In the last couple of weeks, protests have erupted throughout the world in response to footage of George Floyd's horrific death on Memorial Day beneath the knee of a Minneapolis police officer, on the heels of similar atrocities perpetrated against Ahmaud Arbery in Georgia, Breonna Taylor in Louisville, and Tony McDade in Tallahassee.
Husband and wife Steve Saiz and Lillian Banderas, graphic designers and founders of the Miami cultural space Dale Zine, knew they had to do something — not just with themselves but with the platform they'd been building for a decade.
"There are so many great local and national grassroots organizations we can donate money to. I'd rather just make those donations personally. So what can make a bigger dent?" Banderas explains. "We wanted to provide a service for everyone. There are all types of people who have a voice, but maybe they don't have the resources or don't know how to get their message across."
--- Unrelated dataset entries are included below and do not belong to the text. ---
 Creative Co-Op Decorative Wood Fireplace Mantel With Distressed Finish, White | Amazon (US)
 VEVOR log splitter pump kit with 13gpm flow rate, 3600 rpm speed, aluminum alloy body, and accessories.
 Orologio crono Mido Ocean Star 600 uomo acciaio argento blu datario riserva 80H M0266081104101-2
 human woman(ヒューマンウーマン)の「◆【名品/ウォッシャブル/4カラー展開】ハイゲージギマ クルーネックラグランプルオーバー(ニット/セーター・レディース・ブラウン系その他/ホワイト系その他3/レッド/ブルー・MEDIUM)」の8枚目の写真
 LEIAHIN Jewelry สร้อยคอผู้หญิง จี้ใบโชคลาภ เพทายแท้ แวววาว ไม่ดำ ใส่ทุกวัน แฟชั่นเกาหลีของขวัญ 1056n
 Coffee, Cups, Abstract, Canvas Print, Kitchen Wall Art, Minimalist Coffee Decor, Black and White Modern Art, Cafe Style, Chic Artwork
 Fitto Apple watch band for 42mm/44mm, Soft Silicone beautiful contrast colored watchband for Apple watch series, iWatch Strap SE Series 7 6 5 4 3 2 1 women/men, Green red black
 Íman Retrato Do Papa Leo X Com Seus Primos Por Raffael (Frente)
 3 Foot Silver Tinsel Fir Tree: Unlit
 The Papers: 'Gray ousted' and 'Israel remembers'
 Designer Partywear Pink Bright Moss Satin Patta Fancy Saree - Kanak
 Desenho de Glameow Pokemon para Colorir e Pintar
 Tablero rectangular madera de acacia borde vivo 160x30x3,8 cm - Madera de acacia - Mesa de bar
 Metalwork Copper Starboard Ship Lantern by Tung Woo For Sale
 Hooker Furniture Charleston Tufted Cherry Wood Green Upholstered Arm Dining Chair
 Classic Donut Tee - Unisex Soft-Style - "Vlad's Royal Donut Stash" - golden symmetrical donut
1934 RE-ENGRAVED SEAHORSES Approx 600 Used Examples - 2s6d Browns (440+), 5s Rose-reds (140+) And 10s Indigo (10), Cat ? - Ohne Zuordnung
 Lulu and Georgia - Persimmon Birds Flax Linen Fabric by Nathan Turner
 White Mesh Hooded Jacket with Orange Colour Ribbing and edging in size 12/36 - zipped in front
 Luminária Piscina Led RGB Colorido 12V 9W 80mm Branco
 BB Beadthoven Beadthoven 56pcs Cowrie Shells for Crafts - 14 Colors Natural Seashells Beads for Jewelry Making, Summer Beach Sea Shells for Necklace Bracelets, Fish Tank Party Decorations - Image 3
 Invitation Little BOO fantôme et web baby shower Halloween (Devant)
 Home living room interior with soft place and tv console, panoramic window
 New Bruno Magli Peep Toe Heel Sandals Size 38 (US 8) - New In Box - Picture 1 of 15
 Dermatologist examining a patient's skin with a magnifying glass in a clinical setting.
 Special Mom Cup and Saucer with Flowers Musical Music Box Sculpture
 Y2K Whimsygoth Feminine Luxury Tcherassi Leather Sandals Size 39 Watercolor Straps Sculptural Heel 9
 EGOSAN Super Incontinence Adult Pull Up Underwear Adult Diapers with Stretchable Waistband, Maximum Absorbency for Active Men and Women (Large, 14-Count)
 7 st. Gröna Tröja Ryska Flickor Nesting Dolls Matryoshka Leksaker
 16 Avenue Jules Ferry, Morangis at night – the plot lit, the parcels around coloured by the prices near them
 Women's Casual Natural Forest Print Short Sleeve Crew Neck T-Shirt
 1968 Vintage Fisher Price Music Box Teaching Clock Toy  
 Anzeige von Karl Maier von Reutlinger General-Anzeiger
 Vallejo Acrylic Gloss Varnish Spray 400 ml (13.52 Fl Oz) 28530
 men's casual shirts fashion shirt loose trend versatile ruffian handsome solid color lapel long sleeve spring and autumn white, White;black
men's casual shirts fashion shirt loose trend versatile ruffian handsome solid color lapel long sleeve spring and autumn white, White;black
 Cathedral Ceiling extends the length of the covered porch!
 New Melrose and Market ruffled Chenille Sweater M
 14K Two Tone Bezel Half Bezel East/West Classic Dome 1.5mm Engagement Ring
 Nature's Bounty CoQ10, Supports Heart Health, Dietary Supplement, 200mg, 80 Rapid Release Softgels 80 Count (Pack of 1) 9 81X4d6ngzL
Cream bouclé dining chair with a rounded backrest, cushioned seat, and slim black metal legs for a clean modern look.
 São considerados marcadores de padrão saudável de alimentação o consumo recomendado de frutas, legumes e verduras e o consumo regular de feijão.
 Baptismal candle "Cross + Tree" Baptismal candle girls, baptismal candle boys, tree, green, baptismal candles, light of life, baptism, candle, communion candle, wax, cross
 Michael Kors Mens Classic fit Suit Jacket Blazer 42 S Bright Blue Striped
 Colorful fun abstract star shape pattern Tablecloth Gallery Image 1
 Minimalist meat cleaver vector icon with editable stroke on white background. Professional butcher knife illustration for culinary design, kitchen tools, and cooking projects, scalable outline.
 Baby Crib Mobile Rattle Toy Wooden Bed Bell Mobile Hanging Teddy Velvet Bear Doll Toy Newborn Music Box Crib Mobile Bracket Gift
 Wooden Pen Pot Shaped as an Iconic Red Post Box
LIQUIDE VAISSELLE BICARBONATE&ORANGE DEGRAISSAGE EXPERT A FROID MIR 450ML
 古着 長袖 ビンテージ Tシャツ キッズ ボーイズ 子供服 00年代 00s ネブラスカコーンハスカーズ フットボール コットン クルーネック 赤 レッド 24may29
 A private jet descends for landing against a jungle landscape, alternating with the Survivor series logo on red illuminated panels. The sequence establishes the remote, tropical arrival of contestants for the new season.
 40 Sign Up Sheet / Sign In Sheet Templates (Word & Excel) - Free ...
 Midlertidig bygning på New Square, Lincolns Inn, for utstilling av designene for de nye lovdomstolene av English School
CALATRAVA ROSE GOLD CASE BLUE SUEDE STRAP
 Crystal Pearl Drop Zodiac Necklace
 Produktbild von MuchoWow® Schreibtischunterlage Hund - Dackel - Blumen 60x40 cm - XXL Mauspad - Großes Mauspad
So the couple quickly posted their services for free on Instagram. Included are design for anti-racist posters, pamphlets, and printed materials; free video editing and motion graphics for anti-racist content; and free stickers for protesters and volunteers. Dale had already worked on a bilingual leaflet with Bobuq Sayed and Roy Neil Hunter that aims to open a conversation with the more conservative factions of some Miami neighborhoods. They thought the response would be similarly intimate and small-scale.
"We didn't make a call for other Miami creatives to help us. We thought, me and Lillian, we'll do this," says Saiz. Banderas adds, "We didn't think that we would get in touch with everyone we know and create a network. That was the last thing on our minds."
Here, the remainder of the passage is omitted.